REQUIRED ACTION: Line by line, return the listing exactly, without any of the images.

PROVIDED DATA:
--- START ---

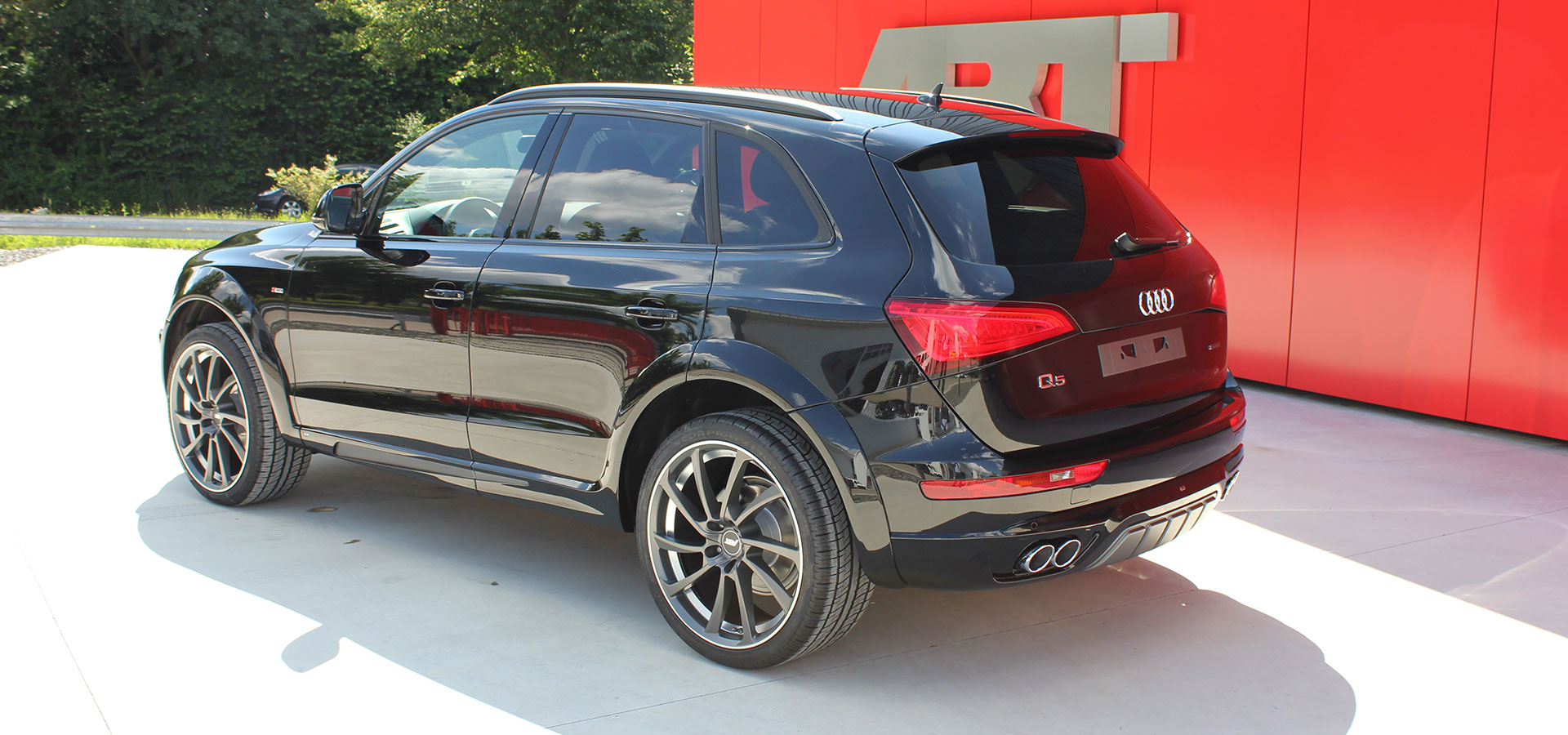 Audi Q5 Black Rims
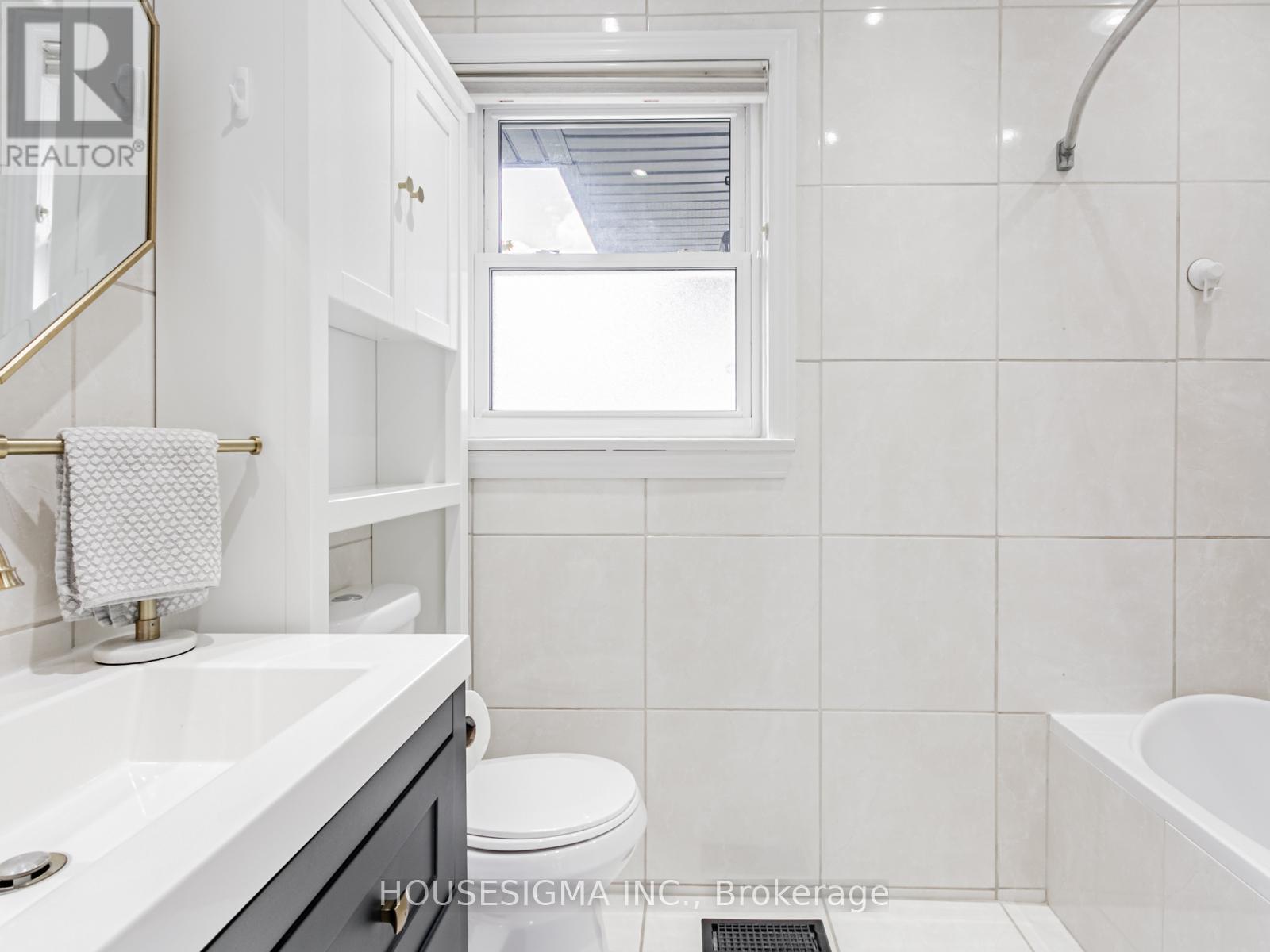 72 Ludstone Drive, Toronto (Willowridge-Martingrove-Richview), Ontario  M9R 2J3 - Photo 17 - W12384614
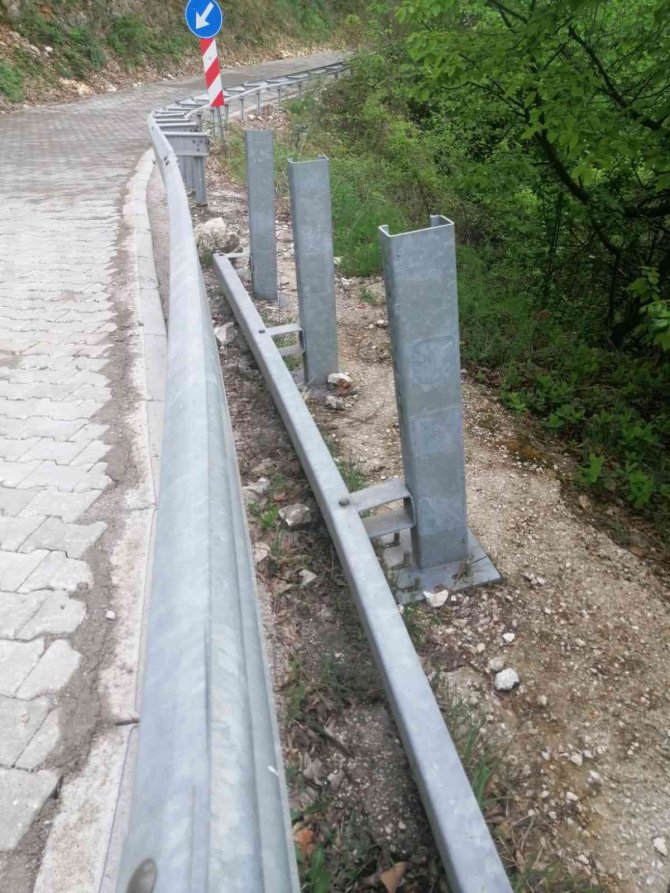 Yok Artık...uçurumun Kenarındaki Demir Bariyerleri Çaldılar
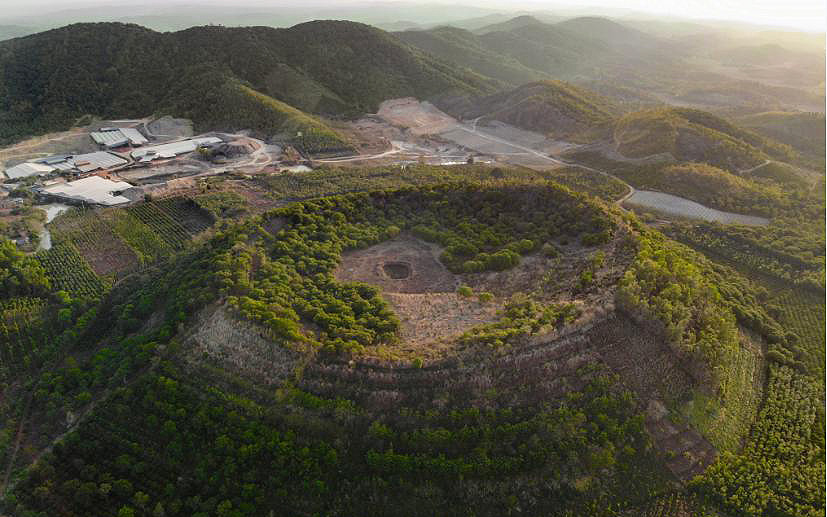 Núi lửa Băng Mo. (Ảnh: DAKNONGGEOPARK) Công viên địa chất Đắk Nông- điểm khám phá đầy hứa hẹn -0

--- END ---

WRITTEN RESPONSE:
 Audi Q5 Black Rims
 72 Ludstone Drive, Toronto (Willowridge-Martingrove-Richview), Ontario  M9R 2J3 - Photo 17 - W12384614
 Yok Artık...uçurumun Kenarındaki Demir Bariyerleri Çaldılar
 Núi lửa Băng Mo. (Ảnh: DAKNONGGEOPARK) Công viên địa chất Đắk Nông- điểm khám phá đầy hứa hẹn -0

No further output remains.